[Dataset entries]
* * * * * * * * *
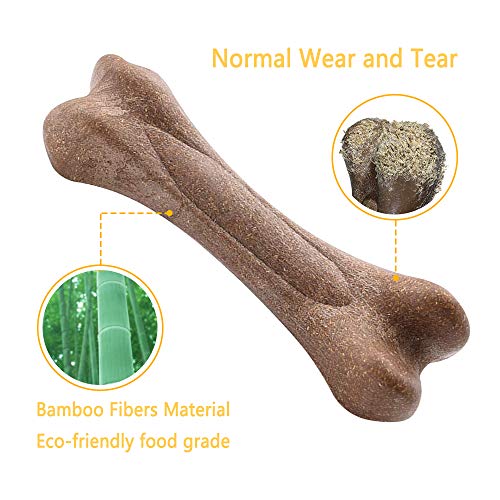YoTelim Tough Dog Toys for Aggressive Chewers Large Breed, Natural Bamboo Fibers Dog Chew Toys Non-Toxic Interactive Dog Toys Nearly Indestructible Chewing Bones for Large Medium Small Dogs (Extreme)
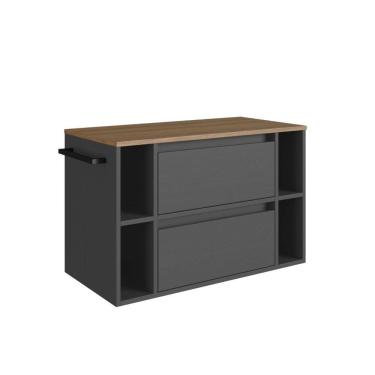 Imagem de Gabinete de Banheiro Suspenso 80cm  com 4 Nichos 1 Toalheiro 1 Porta e 1 Gaveta Marrom/Grafite - BH8010MG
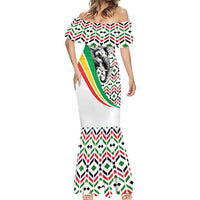 Burkina Faso Mermaid Dress with Red Green Black Geometric Design - Wonder Print Shop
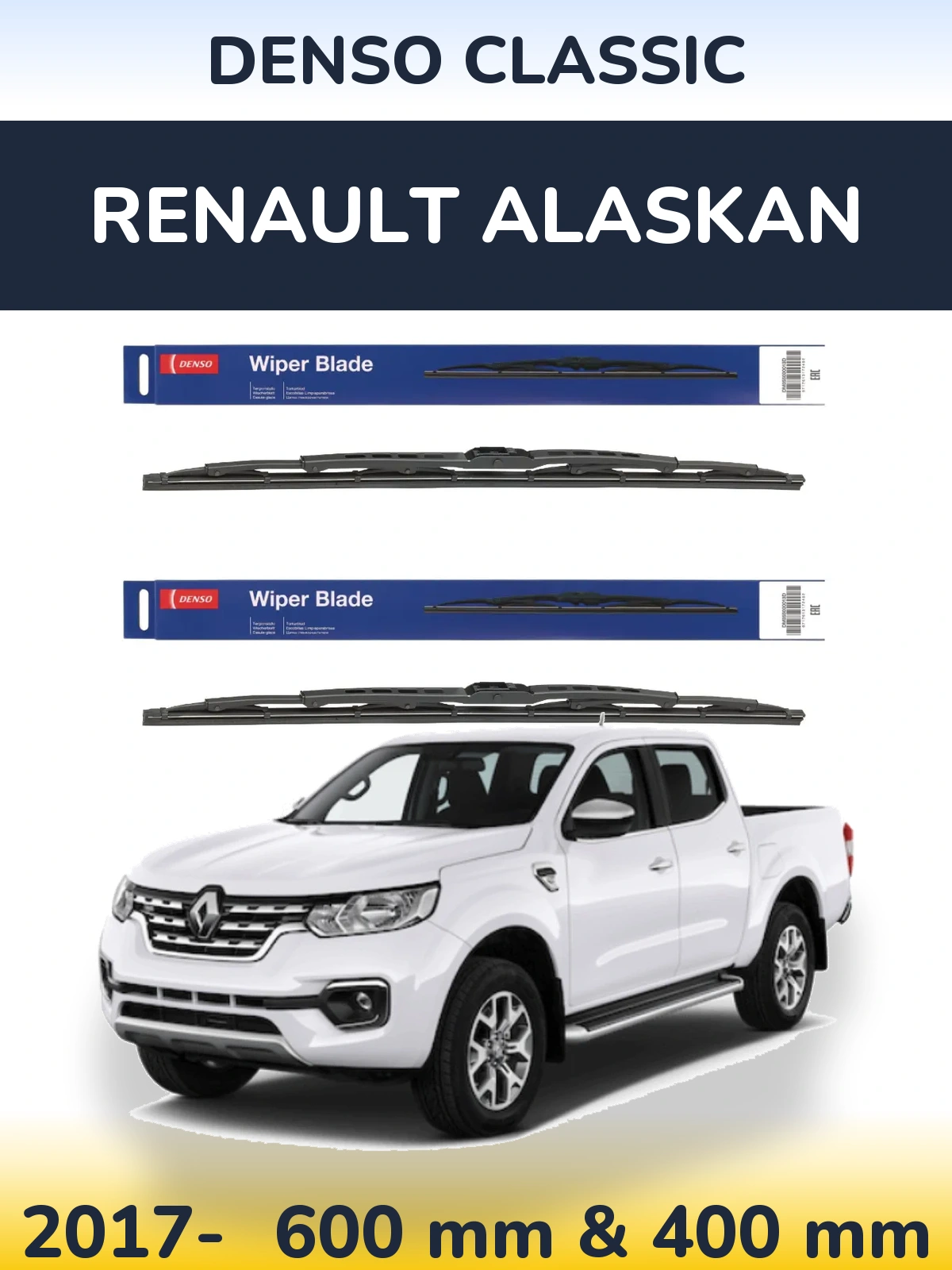 Komplet przednich wycieraczek Denso Classic 600 & 400 mm do Renault Alaskan 2017-2026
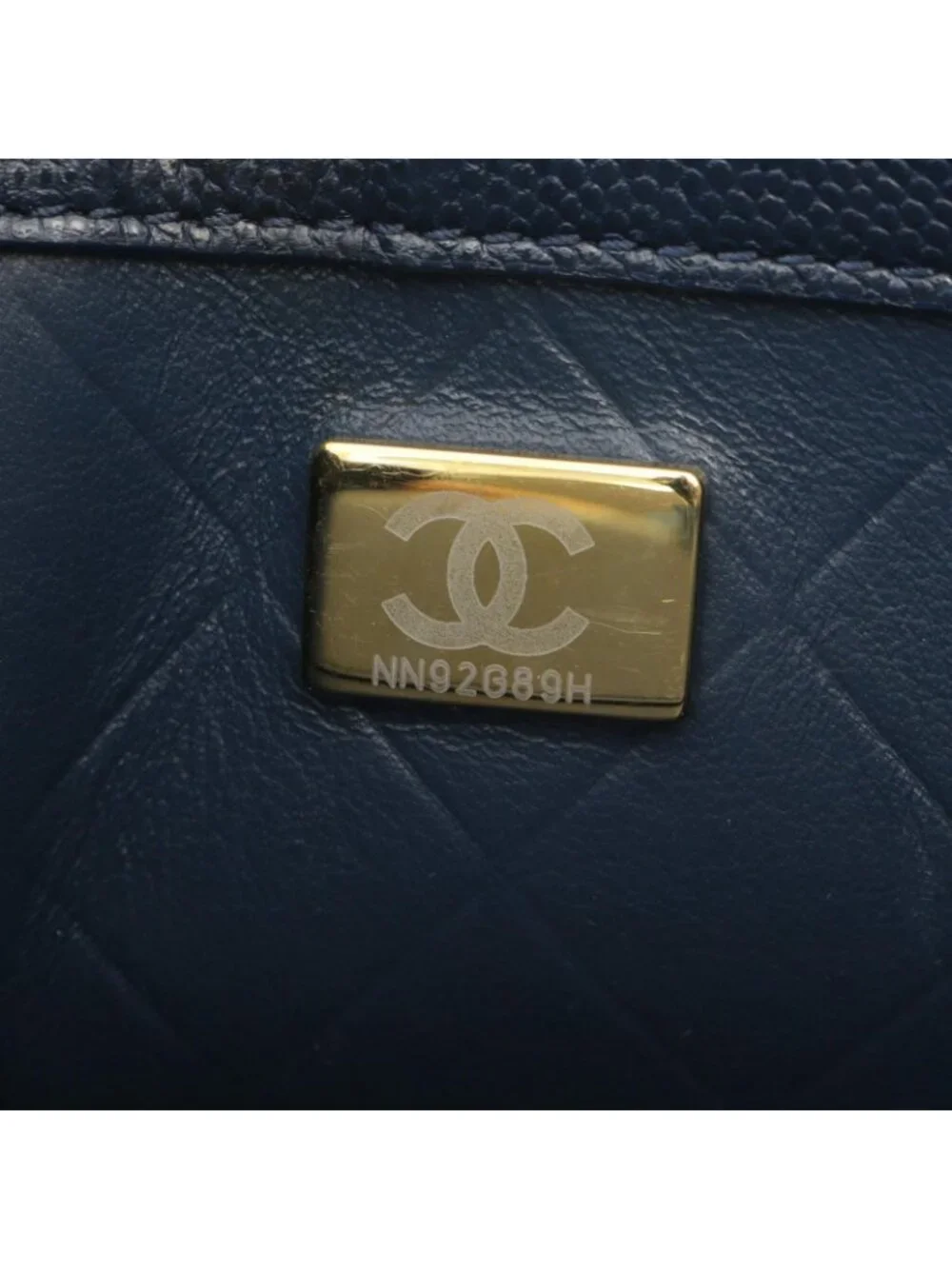 Chanel Shoulder Bag Quilted Navy Caviar Leather Small Chain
* * * * * * * * *
Give back exactly the lines from the one with "Burkina Faso Mermaid" through the end of the records above, inclusive, and omit any pictures.

▶ [TASK ANSWER]:
 Burkina Faso Mermaid Dress with Red Green Black Geometric Design - Wonder Print Shop
 Komplet przednich wycieraczek Denso Classic 600 & 400 mm do Renault Alaskan 2017-2026
 Chanel Shoulder Bag Quilted Navy Caviar Leather Small Chain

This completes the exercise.